Sogar das politische Denken der Weltmächte ist der Entwicklung von Wissenschaft und Technik nicht nachgekommen, und, was nicht weniger unheimlich ist, die Majorität der Wissenschaftler und Techniker selbst bleibt in ihrem Denken über politische und gesellschaftliche Sachverhalte in einer Naivität befangen, die kulturell noch der Bewußtseinsstufe einer vorindustriellen Agrargesellschaft entspricht. 

Auch in den hochindustrialisierten Staaten ist das Bewußtsein dem qualitativen Sprung, den vor allem die Naturwissenschaften vollzogen haben, nicht nachgekommen, sondern bleibt ideologischen Vorurteilen verhaftet, die sich auch durch ihre ehrwürdige Tradition nicht rechtfertigen lassen.

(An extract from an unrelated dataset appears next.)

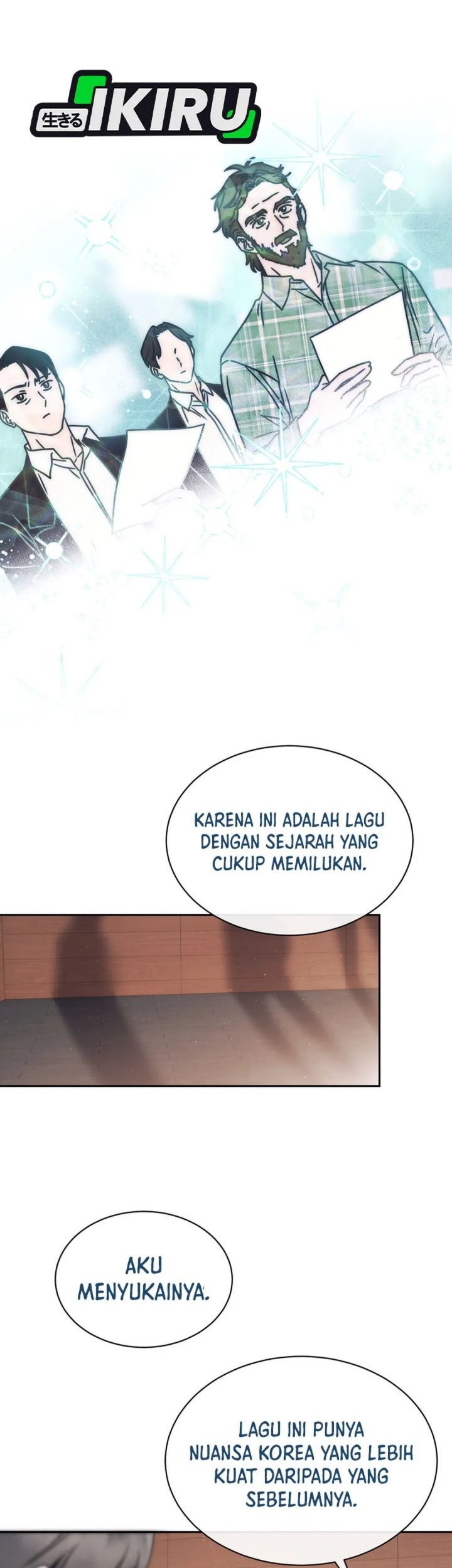 Chapter 71 - halaman 37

Das gilt vom Marxismus ebenso wie von den politischen Ideologien der westlichen Welt. 

Die Umstellung des gesamten Bewußtseins, die von der politischen, wirtschaftlichen und wissenschaftlichen Führungsschicht in allen Staaten der Welt zu leisten wäre, hängt nicht von Investitionen ab, obwohl sie eine Bildungsaufgabe größten Stils ist. Hier geht es nicht so sehr um intellektuelle wie um moralische Leistungen.

In ihrem tiefsten Kern ist die Bildungskrise eine moralische Krise der heutigen Welt. Man glaubt nicht an den Vorrang des Geistes, und weil man nicht an den Vorrang des Geistes glaubt, vermag man die materiellen Probleme nicht zu lösen. Über der Jagd nach Informationen und Fakten hat man die Frage nach dem Wesen der Wahrheit vergessen. 

Auch das wissenschaftliche Denken des 20. Jahrhunderts befindet sich — wie das politische Denken — in einem Zustand der Desintegration. Es fehlt ihm die synthetische Kraft, und unsere Bildung wirft jene Modelle, an denen man das synthetische Denken üben könnte, über Bord. Die Bildungskrise ist, es sei wiederholt, eine geistige und eine moralische Krise. Nur der Geist hat die schöpferische Macht, sie zu überwinden.